Here are some pics of the process. I am using Borax to cure it but didn't include any pictures. Any critique is welcome. It's my first time attempting anything like this. Also feel free to post any pics of tails you have mounted.


----------



## Dirtbag08 (Apr 30, 2013)

Looking good! I also use borax, has worked great for mine.


----------



## kstorrs (Oct 29, 2012)

Dirtbag08 said:


> Looking good! I also use borax, has worked great for mine.


Thanks! Any pics of ones you have done?


----------



## wyogoob (Sep 7, 2007)

Looks good kstorrs.

I put borax on the skin. Spread everything out on cardboard and pinned it down with thumbtacks on long strips of freezer paper.

Missouri, 1978:


----------



## PBH (Nov 7, 2007)

here is one I did a few years ago on my first turkey. I used borax as well, with the skin spread on cardboard and pinned in place. Once dry, I attached the skin to a piece of plywood cut out in the same shape, then painted brown to hide it. I was happy with how it turned out:










I took the spurs and just bought some beads at the craft store and put them all on a piece of leather boot string:


----------



## PBH (Nov 7, 2007)

Still trying to figure out what to do with the beards:










and, I screwed up my daughters spurs from last year....:sad:


----------



## 2full (Apr 8, 2010)

We have gone to using Cedar tree branch slices to mount our fans on.
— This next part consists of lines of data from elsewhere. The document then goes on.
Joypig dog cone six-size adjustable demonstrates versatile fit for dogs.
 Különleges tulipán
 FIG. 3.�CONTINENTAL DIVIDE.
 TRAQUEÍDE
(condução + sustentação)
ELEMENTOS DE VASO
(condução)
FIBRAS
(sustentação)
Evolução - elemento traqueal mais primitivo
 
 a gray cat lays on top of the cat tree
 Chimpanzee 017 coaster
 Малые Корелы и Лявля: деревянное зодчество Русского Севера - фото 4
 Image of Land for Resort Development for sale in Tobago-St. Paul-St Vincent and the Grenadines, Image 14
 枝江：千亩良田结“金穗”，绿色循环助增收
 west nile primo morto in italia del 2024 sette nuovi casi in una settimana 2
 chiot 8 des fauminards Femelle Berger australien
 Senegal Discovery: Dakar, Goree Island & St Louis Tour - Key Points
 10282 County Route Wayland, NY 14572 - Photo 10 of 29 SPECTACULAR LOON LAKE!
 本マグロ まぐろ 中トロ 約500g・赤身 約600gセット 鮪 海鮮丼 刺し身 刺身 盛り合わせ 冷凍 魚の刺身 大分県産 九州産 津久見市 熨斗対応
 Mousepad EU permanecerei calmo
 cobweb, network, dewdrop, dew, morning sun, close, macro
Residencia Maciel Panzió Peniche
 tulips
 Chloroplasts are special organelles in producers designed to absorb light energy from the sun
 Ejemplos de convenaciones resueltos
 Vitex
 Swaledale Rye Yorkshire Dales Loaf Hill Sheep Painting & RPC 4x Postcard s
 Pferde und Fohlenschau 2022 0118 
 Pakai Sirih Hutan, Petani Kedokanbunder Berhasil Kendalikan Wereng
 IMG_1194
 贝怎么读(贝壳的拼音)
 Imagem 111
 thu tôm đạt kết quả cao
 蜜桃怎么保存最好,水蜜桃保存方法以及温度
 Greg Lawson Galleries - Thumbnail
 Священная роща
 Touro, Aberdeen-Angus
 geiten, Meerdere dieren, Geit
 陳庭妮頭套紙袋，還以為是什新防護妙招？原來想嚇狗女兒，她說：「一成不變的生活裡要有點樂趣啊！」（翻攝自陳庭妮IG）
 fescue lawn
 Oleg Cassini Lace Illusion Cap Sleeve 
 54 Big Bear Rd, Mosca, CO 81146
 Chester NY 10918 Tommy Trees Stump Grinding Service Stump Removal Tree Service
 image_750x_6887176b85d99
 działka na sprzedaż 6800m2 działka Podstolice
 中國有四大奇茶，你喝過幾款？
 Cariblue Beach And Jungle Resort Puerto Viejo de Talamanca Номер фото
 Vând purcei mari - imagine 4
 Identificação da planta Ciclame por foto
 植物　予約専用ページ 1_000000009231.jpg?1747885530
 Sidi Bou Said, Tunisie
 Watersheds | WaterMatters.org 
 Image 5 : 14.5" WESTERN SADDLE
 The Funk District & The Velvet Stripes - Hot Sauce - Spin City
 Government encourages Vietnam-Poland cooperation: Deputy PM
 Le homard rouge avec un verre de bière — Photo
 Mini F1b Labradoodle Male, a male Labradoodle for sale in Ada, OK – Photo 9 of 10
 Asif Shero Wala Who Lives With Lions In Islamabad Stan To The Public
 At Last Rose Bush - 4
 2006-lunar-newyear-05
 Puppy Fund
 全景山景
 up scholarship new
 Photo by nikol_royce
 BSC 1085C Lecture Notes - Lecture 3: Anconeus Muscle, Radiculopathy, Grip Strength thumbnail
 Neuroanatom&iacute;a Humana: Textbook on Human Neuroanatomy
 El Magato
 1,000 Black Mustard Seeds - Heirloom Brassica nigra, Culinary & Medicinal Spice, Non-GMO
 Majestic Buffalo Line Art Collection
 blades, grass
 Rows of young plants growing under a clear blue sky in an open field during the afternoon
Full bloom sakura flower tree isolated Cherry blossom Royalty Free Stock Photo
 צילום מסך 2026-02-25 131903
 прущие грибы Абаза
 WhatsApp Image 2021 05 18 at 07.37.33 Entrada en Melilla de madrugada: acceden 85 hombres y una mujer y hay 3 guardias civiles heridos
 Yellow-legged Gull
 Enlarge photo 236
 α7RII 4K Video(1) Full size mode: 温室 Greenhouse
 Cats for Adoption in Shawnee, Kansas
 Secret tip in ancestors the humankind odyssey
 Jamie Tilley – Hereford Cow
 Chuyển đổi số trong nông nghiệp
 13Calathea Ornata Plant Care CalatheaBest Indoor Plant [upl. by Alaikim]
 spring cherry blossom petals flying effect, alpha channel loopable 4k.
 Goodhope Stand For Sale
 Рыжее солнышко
Give the mount some extra color and works pretty slick.
This is a picture of my last couple of birds.

My wife, being the smart a$$ she is bought and put up the sign......:mrgreen:


----------



## kstorrs (Oct 29, 2012)

Wyogoob and PBH are making me wish I would have caped the bird and dried the entire thing. Those look nice :shock::!: 

I plucked then entire bird and donated the feathers to my mom to use for making dream catchers. I will post some pictures after she makes one or two of them


----------



## KennyC (Apr 28, 2010)

Where the meat is that you used borax on, take an exacto knife and scrape all that off and then run the blade in between the pins for the feathers. Once you clean all that out use bondo and spread the feathers the way you like and let the bondo dry. This will preserve it and hold the feathers in place for ever. Borax is great but not needed on the tail feather as long as you clean all the meat out. Same for pheasant. the bondo only goes on the pins of the feathers.


----------